You can cut floating plant roots. You need to take excess floating plants out so plants underneath can get light also.


----------



## Cawafuoshi (Mar 24, 2021)

Ah, here is the pic of your tank. Dismiss the welcome thread where I asked for one. Great hiding place for the rasboras.


----------



## Garuda2520 (May 2, 2021)

Cawafuoshi said:


> Ah, here is the pic of your tank. Dismiss the welcome thread where I asked for one. Great hiding place for the rasboras.


Thanks 👍🏻 Yeah, it's a jungle and maybe even too good of a hiding place for the chili's.. Habe to really look for them to see them. But I like it. It's nice to sit in front of the tank and find all of them 😊


----------



## Garuda2520 (May 2, 2021)

mistergreen said:


> You can cut floating plant roots. You need to take excess floating plants out so plants underneath can get light also.
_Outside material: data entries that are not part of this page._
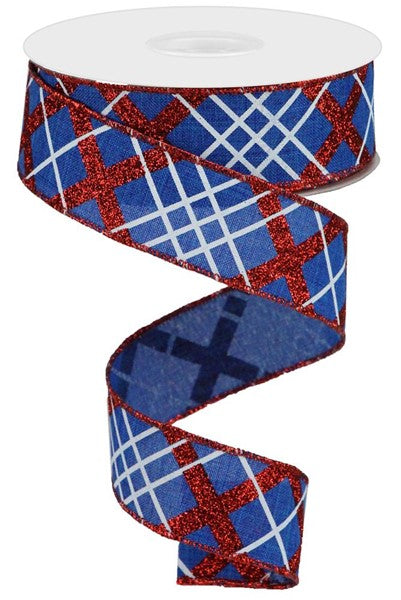 Royal Blue/Red/White - Glitter Diagonal Plaid Royal Ribbon - 1.5 Inch x 10 Yards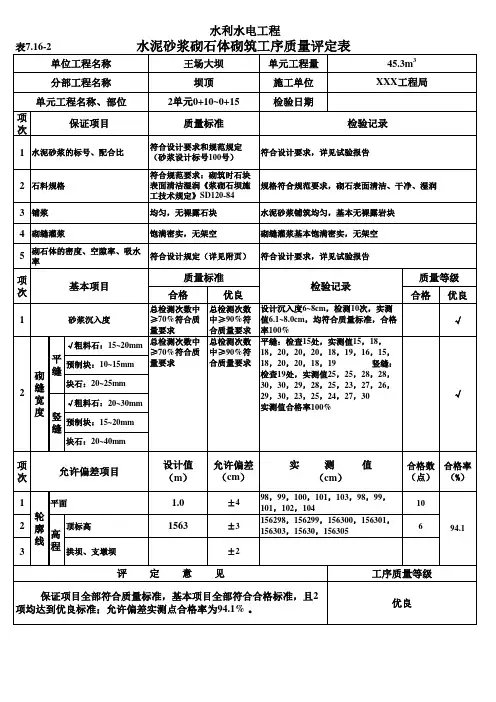 表7.16-2 水泥砂浆砌石体砌筑工序质量评定表(例表)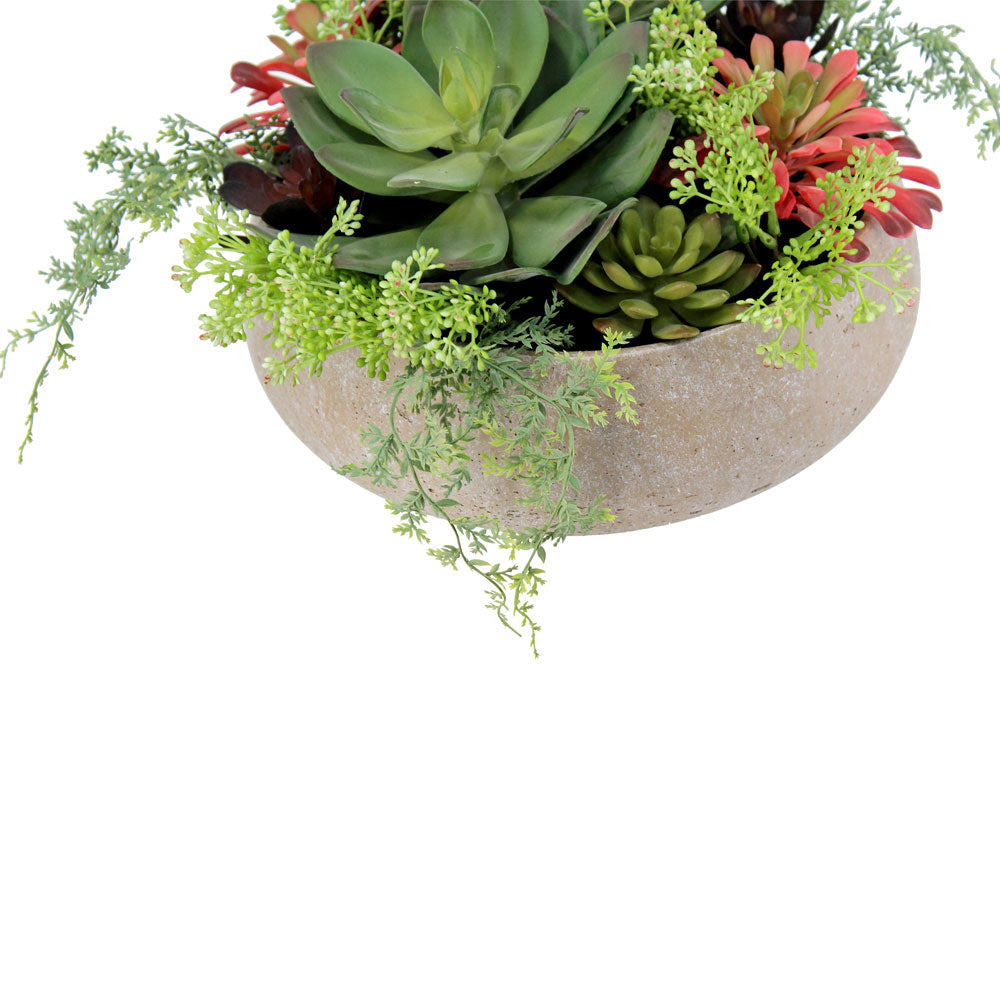 Faux Succulent Round Plant Potted Arrangement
Okay, thank you for this. I'll get the extra growth out.


----------



## Garuda2520 (May 2, 2021)

Noahlikesfish said:


> put the roots in a cup of tank water and put like pond snails inside you can make mulm for your plants


Really 👍🏻😁 This one I have to try. Then I can use the mulm for my tank?


----------



## Cawafuoshi (Mar 24, 2021)

I would think that a heavily planted tank like yours produces its fair share of mulm over time. There is even an interesting discussion about mulm and humic substances in aquaria right on this forum from 2005. Somebody happened to have dug it out after all these years, and it is an interesting read. I don't think extra mulm is needed.Do we need more humics in our aquariums?


----------



## atxrj123 (Dec 25, 2020)

You don't have to trim them but you can. My tetras and guppies (including babies) like to nibble on them -- so you might find them an additional source of food.


----------



## targyplus (27 d ago)

I have a fluval flex tank and new to the hobby. I have salvinia minima, amazon frogbit and giant duckweed coming next week. Im concerned that the light under the hood is too close to the water. Will this be a problem with those plants? I bought some 1 inch risers just in case and bought APT fertilizer. Any help would be great...never had live plants at all


----------